Homan was able to record two long-play records, “Beamin’ All Over” in 1969 and “Phases of Love” in 1972, which he recorded with Don Rich and the Buckaroos in Buck Owens Studios in Backersfield, California.
“That was one of my biggest thrills,” he said. “That was very special to me.”
He also has recorded other CDs in the 2000s, tribute albums for his 50 years and 65 years in music.
Over his years, Homan has banded together three or four groups with which he’s performed.
Homan said he is “retired, but not retired from music.”
“At almost 88 years old, it was time for me to come back to Tiffin to help with my family.”

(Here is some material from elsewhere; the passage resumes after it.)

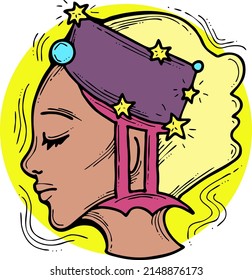 Zodiac symbol Gemini with stars constellation for future telling. Beautiful face horoscope sing mysterious, occult science. Hand drawn retro vintage vector illustration. Old style cartoon drawing.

Homan said he plans to continue to perform and has played at many venues throughout the area, including the Sandusky County Fair this past August.
He also had one of the longest-running fan clubs in country music, which lasted more than 65 years.
Homan spent much of his life traveling and playing in clubs and, over the summer, decided to move back to Ohio to be with his family.
He has plans to join together with Wes Linenkugel from Toledo to perform as a duo.
Homan said he still enjoys playing music, especially his song “I Love You Because.”
“There are so many songs I enjoy,” he said.
Homan is a member of the Tiffin Eagles, Tiffin AMVETS and Tiffin American Legion.